Before Dion could pull up to the front door, a train crossed their path. Not a toy train, though he’d bet they had those here too, but a transcontinental locomotive, a quarter mile long. Joe and Dion sat just short of the parking lot and watched the train disgorge rich men and rich women and their rich children. While they waited, Joe counted more than a hundred windows in the building. At the top of the redbrick walls were several dormers Joe assumed housed the suites. Six minarets rose even higher than the dormers, pointing toward the hard white sky—a Russian winter palace in the middle of dredged Florida swampland.

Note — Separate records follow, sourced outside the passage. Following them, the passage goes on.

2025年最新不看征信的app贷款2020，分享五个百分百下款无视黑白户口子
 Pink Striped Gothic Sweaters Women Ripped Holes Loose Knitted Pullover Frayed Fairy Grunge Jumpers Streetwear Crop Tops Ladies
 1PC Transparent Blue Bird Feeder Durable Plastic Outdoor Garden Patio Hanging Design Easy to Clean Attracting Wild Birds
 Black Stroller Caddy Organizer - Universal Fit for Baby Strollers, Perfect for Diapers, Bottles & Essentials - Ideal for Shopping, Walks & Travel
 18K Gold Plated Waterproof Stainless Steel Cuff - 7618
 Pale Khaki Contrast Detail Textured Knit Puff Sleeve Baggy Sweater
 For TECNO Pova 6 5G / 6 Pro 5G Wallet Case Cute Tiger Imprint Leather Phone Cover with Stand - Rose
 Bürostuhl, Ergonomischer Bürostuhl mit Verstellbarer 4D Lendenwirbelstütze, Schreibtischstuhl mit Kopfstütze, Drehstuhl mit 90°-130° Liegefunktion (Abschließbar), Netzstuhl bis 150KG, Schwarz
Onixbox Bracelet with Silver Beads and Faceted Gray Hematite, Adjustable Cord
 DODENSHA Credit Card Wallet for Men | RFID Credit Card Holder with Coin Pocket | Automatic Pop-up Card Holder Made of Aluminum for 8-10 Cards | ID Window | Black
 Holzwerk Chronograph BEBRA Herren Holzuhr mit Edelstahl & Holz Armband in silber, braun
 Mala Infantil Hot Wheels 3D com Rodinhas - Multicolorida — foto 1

A swank couple in starched whites left the train. Their three nannies and three swank children followed. Fast on their heels two Negro porters pushed luggage carts piled high with steamer trunks.

“Let’s come back,” Joe said.

“What?” Dion said. “We can park here and walk your bags over. Get you—”

“We’ll come back.” Joe watched the couple stroll inside like they’d grown up in places twice this size. “I don’t want to wait in line.”